=== MATERIAL SHOWN ===

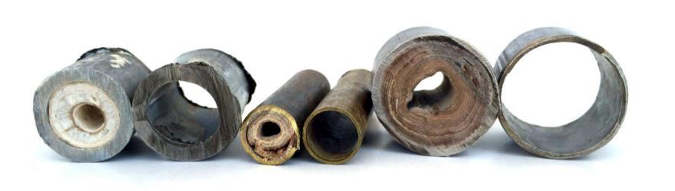 Cross-sections of scaled process pipes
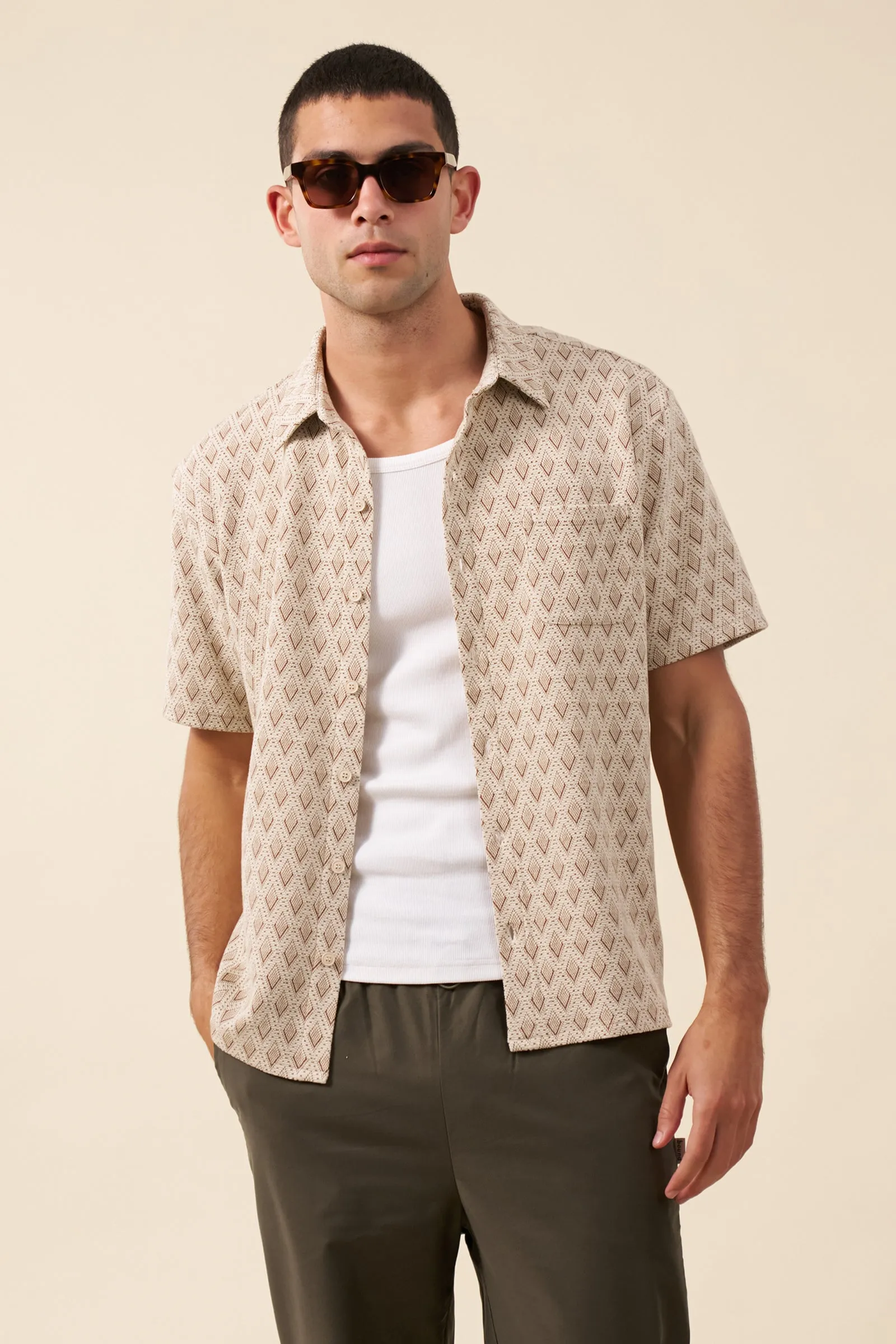 ROMAN WOVEN POLO - ECRU sold by Bound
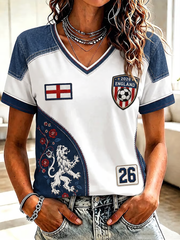 Women's UK Football Lover England Printed short-sleeved T-shirt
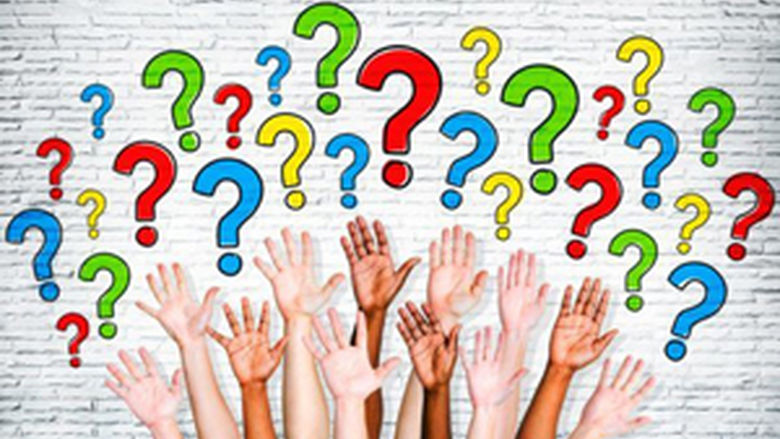 FAQs - hands raised and question marks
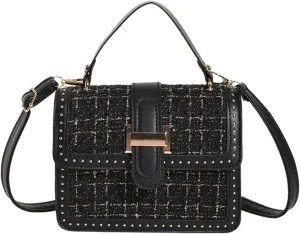 PU Leather Handbags for Women Woven Tote Shoulder Bag Ladies Satchel Bag Top Handle Bag with Adjustable Strap, One Color, One Size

===

*WHAT IS BEING ASKED:*
From the first line to the last, output the data exactly, without the pictures.

*SOLUTION TO THE PROBLEM:*
 Cross-sections of scaled process pipes
 ROMAN WOVEN POLO - ECRU sold by Bound
 Women's UK Football Lover England Printed short-sleeved T-shirt
 FAQs - hands raised and question marks
 PU Leather Handbags for Women Woven Tote Shoulder Bag Ladies Satchel Bag Top Handle Bag with Adjustable Strap, One Color, One Size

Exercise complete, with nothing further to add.